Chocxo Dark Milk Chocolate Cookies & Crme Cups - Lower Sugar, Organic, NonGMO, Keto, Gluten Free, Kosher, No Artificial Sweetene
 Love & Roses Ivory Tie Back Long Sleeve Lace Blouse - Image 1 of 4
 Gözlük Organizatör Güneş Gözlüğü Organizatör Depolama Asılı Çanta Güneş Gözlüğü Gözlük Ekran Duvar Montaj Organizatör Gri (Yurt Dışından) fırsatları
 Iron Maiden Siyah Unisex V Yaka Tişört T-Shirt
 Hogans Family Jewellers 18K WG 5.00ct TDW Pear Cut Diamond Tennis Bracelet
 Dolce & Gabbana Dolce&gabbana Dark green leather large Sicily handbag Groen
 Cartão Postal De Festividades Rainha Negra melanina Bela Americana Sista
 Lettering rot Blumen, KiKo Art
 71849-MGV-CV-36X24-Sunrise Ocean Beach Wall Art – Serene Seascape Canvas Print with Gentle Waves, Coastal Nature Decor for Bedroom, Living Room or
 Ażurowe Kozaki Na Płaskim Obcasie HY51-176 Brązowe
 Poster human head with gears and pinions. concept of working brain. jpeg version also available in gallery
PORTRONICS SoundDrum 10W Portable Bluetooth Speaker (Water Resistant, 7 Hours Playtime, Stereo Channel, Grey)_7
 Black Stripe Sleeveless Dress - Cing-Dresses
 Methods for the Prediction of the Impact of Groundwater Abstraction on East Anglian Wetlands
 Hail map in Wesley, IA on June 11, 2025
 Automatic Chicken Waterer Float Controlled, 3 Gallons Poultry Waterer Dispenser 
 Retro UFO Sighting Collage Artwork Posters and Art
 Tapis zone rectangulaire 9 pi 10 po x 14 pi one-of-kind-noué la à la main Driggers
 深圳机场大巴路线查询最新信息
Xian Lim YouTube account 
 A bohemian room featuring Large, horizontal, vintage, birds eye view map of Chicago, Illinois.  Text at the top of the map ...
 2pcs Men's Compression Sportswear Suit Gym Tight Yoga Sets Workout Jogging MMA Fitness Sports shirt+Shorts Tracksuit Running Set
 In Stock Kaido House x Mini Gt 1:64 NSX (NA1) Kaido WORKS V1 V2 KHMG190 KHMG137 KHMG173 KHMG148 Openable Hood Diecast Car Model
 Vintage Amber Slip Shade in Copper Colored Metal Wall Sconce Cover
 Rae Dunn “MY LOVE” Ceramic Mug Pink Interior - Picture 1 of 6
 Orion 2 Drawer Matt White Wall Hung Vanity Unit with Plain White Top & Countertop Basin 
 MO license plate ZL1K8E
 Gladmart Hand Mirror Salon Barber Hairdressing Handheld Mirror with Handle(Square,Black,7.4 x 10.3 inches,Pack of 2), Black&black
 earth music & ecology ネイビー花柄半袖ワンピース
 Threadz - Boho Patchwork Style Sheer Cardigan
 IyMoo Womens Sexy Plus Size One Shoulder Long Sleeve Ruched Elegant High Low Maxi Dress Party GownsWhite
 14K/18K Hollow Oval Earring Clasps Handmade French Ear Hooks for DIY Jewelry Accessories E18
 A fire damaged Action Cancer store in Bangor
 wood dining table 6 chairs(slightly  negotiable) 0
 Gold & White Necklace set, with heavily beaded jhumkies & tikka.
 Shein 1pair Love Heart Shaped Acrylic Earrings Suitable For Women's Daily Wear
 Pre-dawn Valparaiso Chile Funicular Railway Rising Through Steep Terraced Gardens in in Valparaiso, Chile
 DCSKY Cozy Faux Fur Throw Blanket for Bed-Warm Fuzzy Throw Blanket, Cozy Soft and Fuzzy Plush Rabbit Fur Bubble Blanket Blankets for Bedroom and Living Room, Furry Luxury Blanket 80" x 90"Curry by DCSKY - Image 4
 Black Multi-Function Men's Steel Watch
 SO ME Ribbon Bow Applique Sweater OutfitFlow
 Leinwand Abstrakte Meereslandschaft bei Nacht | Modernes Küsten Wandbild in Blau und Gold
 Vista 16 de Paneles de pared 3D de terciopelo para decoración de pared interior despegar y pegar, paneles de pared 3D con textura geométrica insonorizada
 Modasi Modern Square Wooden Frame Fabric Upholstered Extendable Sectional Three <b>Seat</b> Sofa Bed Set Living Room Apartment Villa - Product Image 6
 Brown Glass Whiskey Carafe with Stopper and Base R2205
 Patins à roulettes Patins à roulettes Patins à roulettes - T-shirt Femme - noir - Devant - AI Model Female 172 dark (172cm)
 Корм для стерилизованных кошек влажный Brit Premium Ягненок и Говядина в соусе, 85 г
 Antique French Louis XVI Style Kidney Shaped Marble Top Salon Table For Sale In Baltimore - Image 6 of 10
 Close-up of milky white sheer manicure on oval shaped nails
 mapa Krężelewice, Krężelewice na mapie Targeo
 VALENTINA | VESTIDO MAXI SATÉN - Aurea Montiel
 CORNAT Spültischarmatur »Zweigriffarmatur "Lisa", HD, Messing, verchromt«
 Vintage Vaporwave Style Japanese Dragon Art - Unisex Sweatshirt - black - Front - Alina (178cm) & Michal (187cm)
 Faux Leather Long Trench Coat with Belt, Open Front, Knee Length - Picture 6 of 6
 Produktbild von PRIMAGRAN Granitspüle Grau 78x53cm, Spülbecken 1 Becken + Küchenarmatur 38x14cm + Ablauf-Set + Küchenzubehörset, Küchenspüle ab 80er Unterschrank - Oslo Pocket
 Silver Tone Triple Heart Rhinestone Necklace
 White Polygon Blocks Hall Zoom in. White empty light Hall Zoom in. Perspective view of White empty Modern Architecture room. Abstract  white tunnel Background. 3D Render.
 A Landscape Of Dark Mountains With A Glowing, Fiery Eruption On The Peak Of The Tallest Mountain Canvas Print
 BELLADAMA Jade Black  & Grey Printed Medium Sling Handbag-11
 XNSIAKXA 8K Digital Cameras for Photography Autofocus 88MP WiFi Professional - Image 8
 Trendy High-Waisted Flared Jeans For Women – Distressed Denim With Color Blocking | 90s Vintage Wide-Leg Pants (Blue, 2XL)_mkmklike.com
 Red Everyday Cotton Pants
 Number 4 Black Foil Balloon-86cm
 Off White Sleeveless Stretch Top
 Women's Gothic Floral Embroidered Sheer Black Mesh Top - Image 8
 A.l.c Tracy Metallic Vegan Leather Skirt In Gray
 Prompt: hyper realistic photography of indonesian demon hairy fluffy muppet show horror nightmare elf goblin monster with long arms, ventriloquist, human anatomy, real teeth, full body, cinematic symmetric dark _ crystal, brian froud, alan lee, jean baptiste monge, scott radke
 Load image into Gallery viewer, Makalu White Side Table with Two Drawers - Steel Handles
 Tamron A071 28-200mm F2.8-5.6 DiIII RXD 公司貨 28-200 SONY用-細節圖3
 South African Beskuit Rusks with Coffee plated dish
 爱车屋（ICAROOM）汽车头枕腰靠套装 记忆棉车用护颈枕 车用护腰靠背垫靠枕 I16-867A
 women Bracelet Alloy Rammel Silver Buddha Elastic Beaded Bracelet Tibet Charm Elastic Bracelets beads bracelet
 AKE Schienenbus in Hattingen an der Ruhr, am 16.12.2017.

AIM OF THE TASK:
Look above for the line containing "Dolce & Gabbana". Output from there through the line containing "Black Stripe Sleeveless Dress - Cing-Dresses", exactly and inclusively.

SOLUTION TO THIS PROBLEM:
 Dolce & Gabbana Dolce&gabbana Dark green leather large Sicily handbag Groen
 Cartão Postal De Festividades Rainha Negra melanina Bela Americana Sista
 Lettering rot Blumen, KiKo Art
 71849-MGV-CV-36X24-Sunrise Ocean Beach Wall Art – Serene Seascape Canvas Print with Gentle Waves, Coastal Nature Decor for Bedroom, Living Room or
 Ażurowe Kozaki Na Płaskim Obcasie HY51-176 Brązowe
 Poster human head with gears and pinions. concept of working brain. jpeg version also available in gallery
PORTRONICS SoundDrum 10W Portable Bluetooth Speaker (Water Resistant, 7 Hours Playtime, Stereo Channel, Grey)_7
 Black Stripe Sleeveless Dress - Cing-Dresses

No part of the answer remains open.